Né à Vienne, l’architecte et historien de l’art Heinrich von Geymüller a passé les premières années de son enfance dans la capitale autrichienne. Après avoir épousé une Parisienne, il a résidé en France pendant plusieurs décennies. À la fin de sa vie, ses liens avec Vienne se sont renforcés, notamment dans le cadre de ses recherches en histoire de l’architecture. Ses archives sont actuellement conservées en Autriche.

Biographie

Après la faillite de l’empire financier familial lors de la crise de 1842, Heinrich von Geymüller, né le 12 mai 1839 à Vienne et décédé le 19 décembre 1909 à Baden-Baden, connaît une enfance et une adolescence itinérantes, marquées par des séjours en Angleterre, en France et en Suisse. Au décès de son père, alors que sa mère est gravement malade, il est adopté de façon informelle par la famille d’un camarade d’école. Ses études en ingénierie et en architecture à Berlin font de lui un Européen polyglotte, capable de s’exprimer et de publier dans quatre langues différentes (allemand, français, anglais et italien).

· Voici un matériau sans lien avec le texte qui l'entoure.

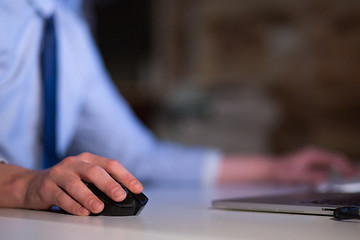 Image showing Hand using computer mouse closeup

Ses activités professionnelles à Berlin et à Paris amènent Geymüller à s’intéresser à l’histoire de l’architecture. Encouragé par l’historien de l’art et de la culture Jakob Burckhardt[1], il entreprend une étude approfondie des dessins conservés à la Galerie des Offices de Florence afin de mieux comprendre l’histoire de la conception et de la construction de la basilique Saint-Pierre de Rome. Ses efforts portent rapidement leurs fruits : Geymüller fait des découvertes spectaculaires, notamment en identifiant et en interprétant des documents fondamentaux, inconnus jusqu’alors, relatifs aux projets primitifs élaborés pour la basilique Saint-Pierre. Fidèle aux préceptes architecturaux de son époque, il essaie de reconstituer les plans de la basilique à partir de documents souvent hermétiques sur le plan graphique et crée des projections impressionnantes. Sa reconstruction minutieuse de projets datant de la Renaissance se distingue par sa qualité graphique et sa puissance créatrice.

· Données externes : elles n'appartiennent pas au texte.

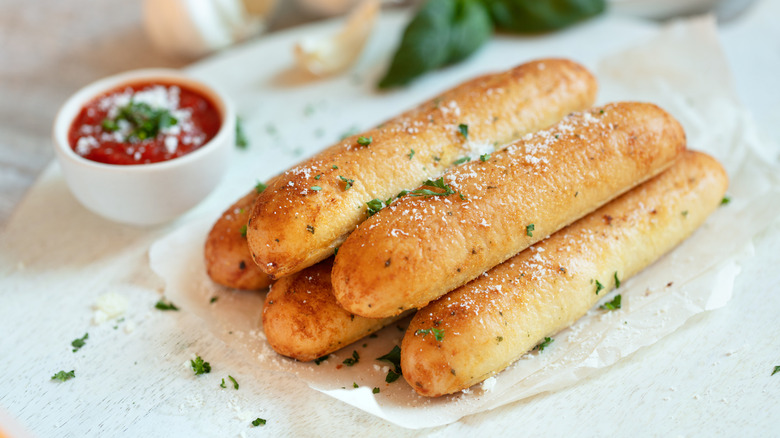 Breadsticks on paper with a bowl of marinara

Heinrich von Geymüller, Rekonstruktion eines Entwurfs für St. Peter in Rom nach Bramante (1867)
Heinrich von Geymüller, Skizze einer Rekonstruktion für St. Peter in Rom nach Antonio da Sangallo il Giovane

Les contributions pratiques et méthodologiques de Geymüller en matière de restauration et de conservation du patrimoine ont fait l’objet de nombreuses discussions et continuent d’exercer une influence notable. À sa mort, il a laissé derrière lui une série de projets entamés ou inachevés. Parmi eux figure un thésaurus qui consiste en une collection étendue et représentative d’œuvres architecturales fondée sur une approche systématique ainsi que sur des reproductions fidèles (fac-similés) de haute qualité. Cette œuvre monumentale a occupé Geymüller pendant de nombreuses décennies. En règle générale, il a toujours eu pour objectif d’analyser de manière méthodique la signification des croquis conceptuels dans l’histoire de l’architecture et de les rendre exploitables. Sa démarche a conduit à des avancées significatives : grâce à la qualité de ses reproductions en fac-similé, il a contribué à un changement majeur dans la manière de concevoir les publications sur l’histoire de l’architecture.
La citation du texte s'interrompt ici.